Par deux fois, Luis Enrique a taquiné les journalistes après la victoire contre Chelsea en 8es de finale aller de la Ligue des Champions. En confér...
Le Parc des Princes a retrouvé de sa superbe, et avec lui, un chef d’orchestre qui ne laisse personne indifférent. Après une victoire solide et maîtrisée face à Chelsea en huitième de finale aller de la Ligue des Champions, Luis Enrique n’a pas seulement gagné la bataille du terrain ; il a remporté celle des micros. Dans les entrailles du stade, là où la tension succède habituellement à l’adrénaline, l'Asturien a transformé sa conférence de presse en un véritable "one-man-show", maniant l'ironie et le sarcasme avec une aisance déconcertante.
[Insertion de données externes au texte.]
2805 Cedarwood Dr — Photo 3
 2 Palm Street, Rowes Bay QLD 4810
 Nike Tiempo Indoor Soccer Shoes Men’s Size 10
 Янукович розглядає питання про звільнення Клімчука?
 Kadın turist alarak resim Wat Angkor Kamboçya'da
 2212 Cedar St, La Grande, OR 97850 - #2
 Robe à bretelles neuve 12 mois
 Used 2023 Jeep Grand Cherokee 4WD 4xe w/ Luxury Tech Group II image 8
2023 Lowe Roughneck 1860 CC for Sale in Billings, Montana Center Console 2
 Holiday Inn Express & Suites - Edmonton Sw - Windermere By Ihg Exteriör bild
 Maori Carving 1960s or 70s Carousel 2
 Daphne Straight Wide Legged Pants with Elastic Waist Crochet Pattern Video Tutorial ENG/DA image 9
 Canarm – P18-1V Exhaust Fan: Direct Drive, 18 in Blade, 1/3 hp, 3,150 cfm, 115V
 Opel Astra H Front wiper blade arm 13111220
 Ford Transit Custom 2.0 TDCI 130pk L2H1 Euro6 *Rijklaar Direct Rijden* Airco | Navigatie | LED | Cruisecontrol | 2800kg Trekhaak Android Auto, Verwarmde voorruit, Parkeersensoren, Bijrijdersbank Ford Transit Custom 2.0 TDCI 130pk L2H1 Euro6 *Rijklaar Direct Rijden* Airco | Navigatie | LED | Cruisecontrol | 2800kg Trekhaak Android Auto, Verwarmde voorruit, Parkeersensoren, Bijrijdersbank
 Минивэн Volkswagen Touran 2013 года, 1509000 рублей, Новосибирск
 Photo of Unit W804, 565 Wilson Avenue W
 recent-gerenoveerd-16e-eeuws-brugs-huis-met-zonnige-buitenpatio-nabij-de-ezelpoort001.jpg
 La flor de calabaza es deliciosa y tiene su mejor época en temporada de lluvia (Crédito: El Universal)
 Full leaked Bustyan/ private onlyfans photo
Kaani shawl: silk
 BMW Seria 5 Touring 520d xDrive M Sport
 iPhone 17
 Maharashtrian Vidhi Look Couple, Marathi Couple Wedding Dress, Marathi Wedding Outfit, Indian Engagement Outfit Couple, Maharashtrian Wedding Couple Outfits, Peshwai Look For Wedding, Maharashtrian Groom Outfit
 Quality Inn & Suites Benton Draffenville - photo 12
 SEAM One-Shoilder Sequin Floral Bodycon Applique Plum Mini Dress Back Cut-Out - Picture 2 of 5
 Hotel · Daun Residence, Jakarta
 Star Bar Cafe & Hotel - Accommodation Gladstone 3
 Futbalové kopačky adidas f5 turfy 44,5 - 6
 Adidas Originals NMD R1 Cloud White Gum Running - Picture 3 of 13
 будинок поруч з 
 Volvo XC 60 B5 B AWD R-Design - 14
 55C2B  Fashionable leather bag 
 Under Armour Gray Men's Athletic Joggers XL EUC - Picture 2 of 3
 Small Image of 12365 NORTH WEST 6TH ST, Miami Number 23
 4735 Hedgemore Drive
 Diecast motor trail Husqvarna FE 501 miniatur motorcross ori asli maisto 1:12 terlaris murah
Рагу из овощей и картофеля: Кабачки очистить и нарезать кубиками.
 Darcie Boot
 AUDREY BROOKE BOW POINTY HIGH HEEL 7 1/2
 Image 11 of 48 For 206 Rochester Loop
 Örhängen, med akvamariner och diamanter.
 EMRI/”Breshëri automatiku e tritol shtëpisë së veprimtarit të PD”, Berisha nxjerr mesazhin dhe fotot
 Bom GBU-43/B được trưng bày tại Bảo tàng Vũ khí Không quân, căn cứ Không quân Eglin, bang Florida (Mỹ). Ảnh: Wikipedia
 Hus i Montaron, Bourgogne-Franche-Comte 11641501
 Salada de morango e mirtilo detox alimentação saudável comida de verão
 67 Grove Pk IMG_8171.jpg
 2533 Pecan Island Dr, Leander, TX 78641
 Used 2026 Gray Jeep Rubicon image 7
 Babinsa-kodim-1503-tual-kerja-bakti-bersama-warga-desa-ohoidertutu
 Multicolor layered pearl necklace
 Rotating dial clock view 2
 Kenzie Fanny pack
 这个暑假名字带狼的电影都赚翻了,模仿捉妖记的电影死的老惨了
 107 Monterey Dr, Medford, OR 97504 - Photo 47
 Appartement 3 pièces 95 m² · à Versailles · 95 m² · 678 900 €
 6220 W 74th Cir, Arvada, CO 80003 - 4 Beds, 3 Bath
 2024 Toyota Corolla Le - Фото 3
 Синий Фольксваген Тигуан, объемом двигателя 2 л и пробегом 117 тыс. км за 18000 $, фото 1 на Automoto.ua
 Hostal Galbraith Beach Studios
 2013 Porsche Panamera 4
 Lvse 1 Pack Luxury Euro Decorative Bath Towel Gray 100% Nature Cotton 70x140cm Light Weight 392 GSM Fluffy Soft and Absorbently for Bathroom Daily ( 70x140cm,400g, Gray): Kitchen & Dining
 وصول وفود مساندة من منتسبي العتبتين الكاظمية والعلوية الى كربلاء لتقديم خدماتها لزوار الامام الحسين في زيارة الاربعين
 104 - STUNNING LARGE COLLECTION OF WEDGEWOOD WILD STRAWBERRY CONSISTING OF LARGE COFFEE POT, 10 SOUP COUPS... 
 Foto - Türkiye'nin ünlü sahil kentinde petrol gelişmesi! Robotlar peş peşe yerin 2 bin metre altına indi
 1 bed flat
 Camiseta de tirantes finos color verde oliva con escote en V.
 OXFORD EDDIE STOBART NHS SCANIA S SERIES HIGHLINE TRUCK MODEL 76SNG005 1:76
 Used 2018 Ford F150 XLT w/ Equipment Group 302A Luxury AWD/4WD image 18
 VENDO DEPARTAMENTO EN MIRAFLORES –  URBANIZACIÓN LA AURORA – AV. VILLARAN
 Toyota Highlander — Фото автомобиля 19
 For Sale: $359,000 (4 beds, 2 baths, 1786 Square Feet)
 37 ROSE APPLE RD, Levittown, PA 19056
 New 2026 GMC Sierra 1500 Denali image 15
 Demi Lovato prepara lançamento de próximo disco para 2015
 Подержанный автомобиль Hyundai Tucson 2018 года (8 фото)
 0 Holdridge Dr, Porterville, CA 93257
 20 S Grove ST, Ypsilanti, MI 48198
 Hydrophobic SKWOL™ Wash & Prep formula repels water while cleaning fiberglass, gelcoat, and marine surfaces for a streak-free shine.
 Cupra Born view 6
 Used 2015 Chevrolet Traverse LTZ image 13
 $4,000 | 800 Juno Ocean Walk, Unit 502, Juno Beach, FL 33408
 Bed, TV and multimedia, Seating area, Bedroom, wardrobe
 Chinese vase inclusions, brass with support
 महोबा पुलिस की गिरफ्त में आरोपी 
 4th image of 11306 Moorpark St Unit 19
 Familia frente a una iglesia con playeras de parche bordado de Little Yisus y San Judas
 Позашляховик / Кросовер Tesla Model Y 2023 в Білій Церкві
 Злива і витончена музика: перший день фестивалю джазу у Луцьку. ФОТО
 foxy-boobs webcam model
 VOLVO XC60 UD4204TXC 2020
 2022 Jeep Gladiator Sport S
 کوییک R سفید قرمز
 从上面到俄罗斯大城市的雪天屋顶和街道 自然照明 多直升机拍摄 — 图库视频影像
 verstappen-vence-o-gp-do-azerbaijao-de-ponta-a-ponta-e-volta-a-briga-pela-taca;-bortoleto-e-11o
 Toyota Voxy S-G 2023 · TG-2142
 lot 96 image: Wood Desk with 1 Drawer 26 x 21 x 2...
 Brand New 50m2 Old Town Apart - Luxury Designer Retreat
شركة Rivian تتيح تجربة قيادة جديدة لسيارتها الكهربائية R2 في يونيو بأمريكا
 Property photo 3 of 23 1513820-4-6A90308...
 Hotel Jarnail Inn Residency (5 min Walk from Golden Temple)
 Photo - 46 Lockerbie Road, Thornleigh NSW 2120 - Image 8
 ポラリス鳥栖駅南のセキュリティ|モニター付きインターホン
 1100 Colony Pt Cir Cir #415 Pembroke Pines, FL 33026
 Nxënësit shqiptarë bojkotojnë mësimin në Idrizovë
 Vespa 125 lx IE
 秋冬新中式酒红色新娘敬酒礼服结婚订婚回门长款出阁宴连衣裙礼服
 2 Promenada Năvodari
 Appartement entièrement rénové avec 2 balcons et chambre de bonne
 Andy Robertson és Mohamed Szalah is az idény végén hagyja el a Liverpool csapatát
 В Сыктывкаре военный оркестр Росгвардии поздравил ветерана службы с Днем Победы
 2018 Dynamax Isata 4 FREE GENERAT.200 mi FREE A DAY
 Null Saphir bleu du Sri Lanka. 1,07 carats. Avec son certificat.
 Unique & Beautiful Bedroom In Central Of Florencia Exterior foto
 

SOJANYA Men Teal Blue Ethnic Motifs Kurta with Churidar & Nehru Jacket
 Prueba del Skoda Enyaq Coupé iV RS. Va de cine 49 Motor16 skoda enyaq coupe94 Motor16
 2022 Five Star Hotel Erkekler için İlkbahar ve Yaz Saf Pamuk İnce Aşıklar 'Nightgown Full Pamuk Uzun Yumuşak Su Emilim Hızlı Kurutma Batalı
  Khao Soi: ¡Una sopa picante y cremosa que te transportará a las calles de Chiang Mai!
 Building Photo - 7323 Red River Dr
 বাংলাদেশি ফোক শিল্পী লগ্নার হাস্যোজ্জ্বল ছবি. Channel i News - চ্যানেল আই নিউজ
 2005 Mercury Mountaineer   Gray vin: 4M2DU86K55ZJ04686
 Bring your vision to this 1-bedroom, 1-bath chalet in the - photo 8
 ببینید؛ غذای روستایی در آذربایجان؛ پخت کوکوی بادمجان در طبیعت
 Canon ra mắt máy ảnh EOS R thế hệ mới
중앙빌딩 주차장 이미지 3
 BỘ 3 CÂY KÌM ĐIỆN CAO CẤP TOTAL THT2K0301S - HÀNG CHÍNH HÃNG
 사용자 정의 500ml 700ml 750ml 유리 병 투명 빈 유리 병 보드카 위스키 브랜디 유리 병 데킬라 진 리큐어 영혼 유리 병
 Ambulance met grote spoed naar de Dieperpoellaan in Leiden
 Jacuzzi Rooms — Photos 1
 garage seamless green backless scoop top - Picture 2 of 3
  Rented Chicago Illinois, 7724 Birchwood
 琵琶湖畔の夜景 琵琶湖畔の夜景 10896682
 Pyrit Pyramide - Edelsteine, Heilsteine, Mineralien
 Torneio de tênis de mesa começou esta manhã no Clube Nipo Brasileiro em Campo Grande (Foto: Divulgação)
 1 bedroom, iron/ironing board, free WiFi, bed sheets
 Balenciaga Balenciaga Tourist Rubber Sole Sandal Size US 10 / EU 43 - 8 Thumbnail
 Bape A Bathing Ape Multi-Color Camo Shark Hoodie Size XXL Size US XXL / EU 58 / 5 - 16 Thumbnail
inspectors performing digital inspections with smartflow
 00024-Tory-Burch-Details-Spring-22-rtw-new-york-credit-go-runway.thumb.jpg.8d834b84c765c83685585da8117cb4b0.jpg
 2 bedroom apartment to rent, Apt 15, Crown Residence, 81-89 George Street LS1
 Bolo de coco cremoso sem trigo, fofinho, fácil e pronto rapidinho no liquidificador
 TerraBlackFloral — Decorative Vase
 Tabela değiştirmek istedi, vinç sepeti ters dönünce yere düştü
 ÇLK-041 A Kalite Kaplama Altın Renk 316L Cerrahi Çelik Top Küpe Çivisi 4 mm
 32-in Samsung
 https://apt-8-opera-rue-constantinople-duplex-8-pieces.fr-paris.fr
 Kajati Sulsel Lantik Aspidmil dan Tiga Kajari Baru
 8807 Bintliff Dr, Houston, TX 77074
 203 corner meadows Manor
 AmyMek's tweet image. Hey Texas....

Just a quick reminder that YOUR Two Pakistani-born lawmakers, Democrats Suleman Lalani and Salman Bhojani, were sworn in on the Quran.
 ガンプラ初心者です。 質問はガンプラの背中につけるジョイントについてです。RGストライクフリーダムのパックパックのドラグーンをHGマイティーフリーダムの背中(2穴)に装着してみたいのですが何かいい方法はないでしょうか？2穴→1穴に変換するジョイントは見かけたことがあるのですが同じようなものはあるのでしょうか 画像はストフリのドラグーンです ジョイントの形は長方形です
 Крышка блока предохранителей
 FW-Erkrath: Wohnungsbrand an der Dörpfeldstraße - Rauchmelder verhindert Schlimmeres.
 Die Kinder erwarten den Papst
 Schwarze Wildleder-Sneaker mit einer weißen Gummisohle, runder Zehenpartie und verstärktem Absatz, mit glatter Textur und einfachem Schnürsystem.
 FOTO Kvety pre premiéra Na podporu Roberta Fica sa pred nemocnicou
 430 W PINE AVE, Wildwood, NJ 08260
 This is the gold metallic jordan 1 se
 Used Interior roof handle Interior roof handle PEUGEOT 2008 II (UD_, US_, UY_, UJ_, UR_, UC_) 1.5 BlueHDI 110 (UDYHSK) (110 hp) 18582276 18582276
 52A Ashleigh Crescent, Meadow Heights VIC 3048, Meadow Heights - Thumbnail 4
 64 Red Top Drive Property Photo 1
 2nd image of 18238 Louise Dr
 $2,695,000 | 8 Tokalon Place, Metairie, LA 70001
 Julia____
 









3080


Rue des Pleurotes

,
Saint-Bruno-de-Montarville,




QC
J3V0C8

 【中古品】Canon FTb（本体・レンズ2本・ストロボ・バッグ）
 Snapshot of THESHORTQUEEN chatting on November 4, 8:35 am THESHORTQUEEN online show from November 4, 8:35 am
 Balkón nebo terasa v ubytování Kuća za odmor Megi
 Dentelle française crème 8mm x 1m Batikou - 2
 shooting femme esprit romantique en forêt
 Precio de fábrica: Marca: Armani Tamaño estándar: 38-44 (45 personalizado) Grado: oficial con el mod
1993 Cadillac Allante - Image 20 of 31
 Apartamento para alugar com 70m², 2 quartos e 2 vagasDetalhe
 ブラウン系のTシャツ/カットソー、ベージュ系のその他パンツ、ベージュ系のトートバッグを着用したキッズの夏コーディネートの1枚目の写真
Le génie tactique au service du spectacle
Sur la pelouse, le PSG de Luis Enrique a affiché une maturité tactique que l'on n'avait plus vue depuis les épopées de 2015. Exit le jeu stéréotypé et la dépendance aux exploits individuels ; place à une structure hybride, capable d'étouffer le milieu de terrain londonien. En s'appuyant sur un pressing haut et une transition foudroyante, les Parisiens ont rappelé aux Blues que le "nouveau PSG" ne se contente plus de briller par intermittence. Cette victoire, construite avec patience, porte la signature indélébile de l'ancien coach du Barça : un mélange d'agressivité contrôlée et de possession chirurgicale.
Le "Lucho Show" : quand la presse devient un terrain de jeu
Mais c’est une fois le coup de siffler final retenti que Luis Enrique a sorti ses plus belles flèches. Connu pour ses rapports parfois électriques avec les médias, "Lucho" a cette fois choisi la carte de la taquinerie. Par deux fois, il a pris un malin plaisir à moucher les journalistes présents, alternant entre sourires en coin et réponses cinglantes sur les choix tactiques qu'on lui reprochait avant le coup d'envoi. "Vous voyez des problèmes là où je vois des solutions", a-t-il lancé, goguenard. Cette attitude, mélange de confiance absolue et de provocation légère, témoigne d'un homme qui a totalement la main sur son groupe et son environnement, loin du stress des précédentes ères sous QSI.
Un parfum de revanche face aux Blues
Ce duel entre Paris et Chelsea est en train de devenir un classique usé mais toujours savoureux de la scène européenne. On se souvient des larmes de 2014, du coup de casque héroïque de David Luiz en 2015 ou de la qualification arrachée en 2016. En dominant cette première manche, Luis Enrique replace le PSG sur la carte des prétendants sérieux. Au-delà du score, c'est l'ascendant psychologique pris sur le club londonien qui frappe les esprits. Historiquement, Chelsea a souvent su renverser des situations compromises à Stamford Bridge, mais ce PSG-là semble posséder un blindage mental bien plus solide que ses prédécesseurs.
Le show Luis Enrique est donc loin d'être terminé. Entre ses lives Twitch et ses sorties médiatiques millimétrées, l'Espagnol s'est imposé comme le visage d'un club qui ne veut plus seulement gagner, mais qui veut aussi imposer son récit. Si le match retour s'annonce bouillant dans le sud de Londres, le technicien parisien a déjà prouvé une chose : il est le maître du temps, sur le banc comme devant les caméras. Pour Koorax, une chose est sûre : avec Enrique, on ne s'ennuie jamais.